◆ Stored data:
↓↓↓

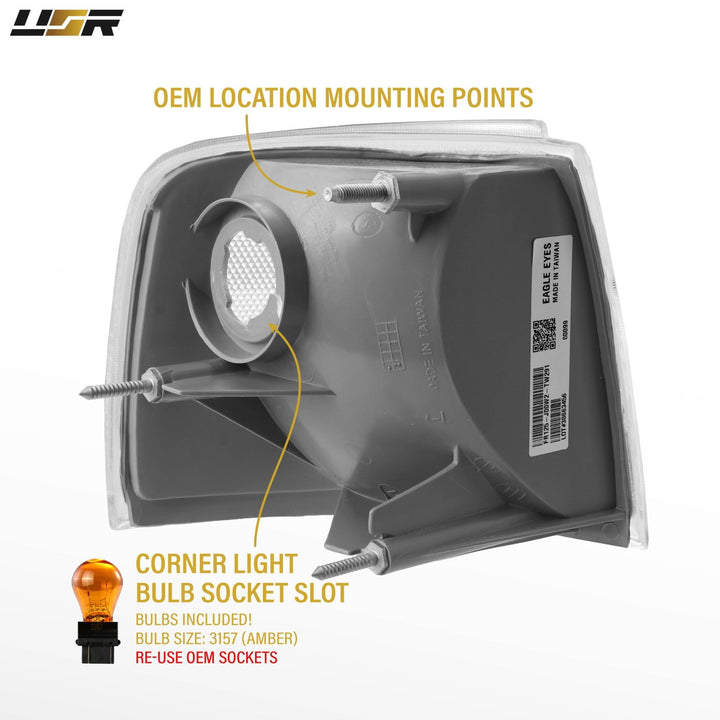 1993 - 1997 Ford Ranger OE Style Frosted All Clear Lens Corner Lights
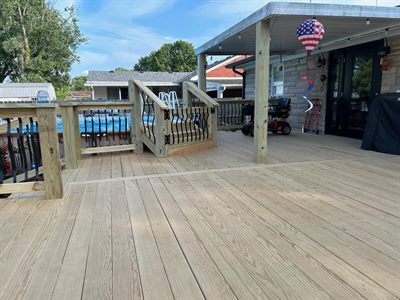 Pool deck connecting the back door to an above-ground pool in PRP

↑↑↑
↓↓↓

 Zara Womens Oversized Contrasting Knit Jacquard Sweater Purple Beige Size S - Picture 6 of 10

↑↑↑

◆ Exercise instructions: The copy should hold exactly the lines above from the one with "1993 - 1997" through the one with "Pool deck connecting", both ends counted, and no pictures at all.

◆ Response to this exercise:
 1993 - 1997 Ford Ranger OE Style Frosted All Clear Lens Corner Lights
 Pool deck connecting the back door to an above-ground pool in PRP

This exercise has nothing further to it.